Pleas for greater self-reliance are sometimes used as code for shrinking government and cutting back aid to the needy. That’s not the kind of tough love I propose. Government has become a huge, self-perpetuating industry that will function in its fractious, maddening way no matter what you or I do. If we spent as much time and effort building personal self-reliance as we do complaining about government, it would probably amount to a potent economic stimulus program dwarfing anything policymakers could dream up.
Here’s how individuals can build their own economic self-reliance. Start by doing a “dependency audit” evaluating all the institutions you’re dependent on. Some you can’t do much about — you get power from the local utility, for instance, and it makes no sense to generate your own power. You may discover, however, that you’re dependent on borrowed money to finance everyday things, including many you don't really need. If so, you’ve outsourced your personal prosperity to lenders that regard you as nothing more than an account number in a computer system.
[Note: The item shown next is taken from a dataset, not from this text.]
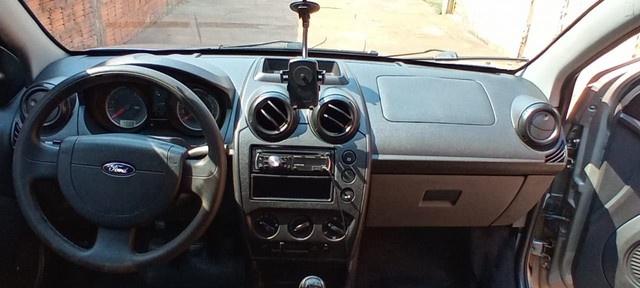 FORD FIESTA 2011 COMPLETO NAVIRAI MS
Your livelihood may depend on a big company that could axe your entire division tomorrow. Do you have a backup plan? Or two? If you’re a homeowner or typical worker, you may not even realize that you depend on a bevy of tax breaks such as the mortgage-interest deduction and the deductibility of employer-provided health insurance that could become endangered in a few years when Washington starts to run short of cash (which simple math dictates it will).
'Good for the economy'
Maybe it’s OK with you that others control your economic destiny. It’s not OK with me, which is why I wrote Liberty for All in the first place. Part of the economic miracle that followed World War II in the United States was a massive amount of consumer spending premised on the belief that owning more stuff made your life better. Marketers convinced us that buying a home, two cars and a front-loading washing machine was “the American Dream.” The financial industry pitched in by finding endless new ways to buy nearly everything on credit. Two-thirds of U.S. GDP today comes from consumer spending, a factoid repeated constantly in the financial press as if this is normal and virtuous.
Policymakers love to remind us that it’s “good for the economy” when Americans spend nearly everything they earn. But with the wealth gap widening and the wall between haves and have-nots getting higher, what’s good for the economy can be very bad for many of the people who make up that very same economy. Nobody, however, tells you to spend as little as possible, save 50% of your income and buy everything you must have with cash, though some people would undoubtedly be better off if they followed such guidelines.
Building economic self-reliance doesn’t have to require dramatic lifestyle changes. Emerging strains of consumers known as minimalists, essentialists, life hackers and declutterers look for ways to rid their lives of needless stuff while spending only on things that truly improve their lives — a list that can get pretty short once we wean ourselves from the buzz of buying. Making shrewd choices about the kind of education you pay for and the skills you keep adding to your resume can give anybody added leverage in the constant tug-of- war between employers and workers, a move that makes you somebody employers need, instead of the other way around. Liberty for All describes dozens of other things many people can do to take (or retake) control of their financial lives.
Simply accepting the full burden of self-improvement -- instead of assuming the government or the company or somebody else should point you toward prosperity, and maybe chauffer you there -- can be a remarkably liberating way to reclaim financial independence. Your financial destiny is too important to entrust to somebody else — especially those jokers in Washington.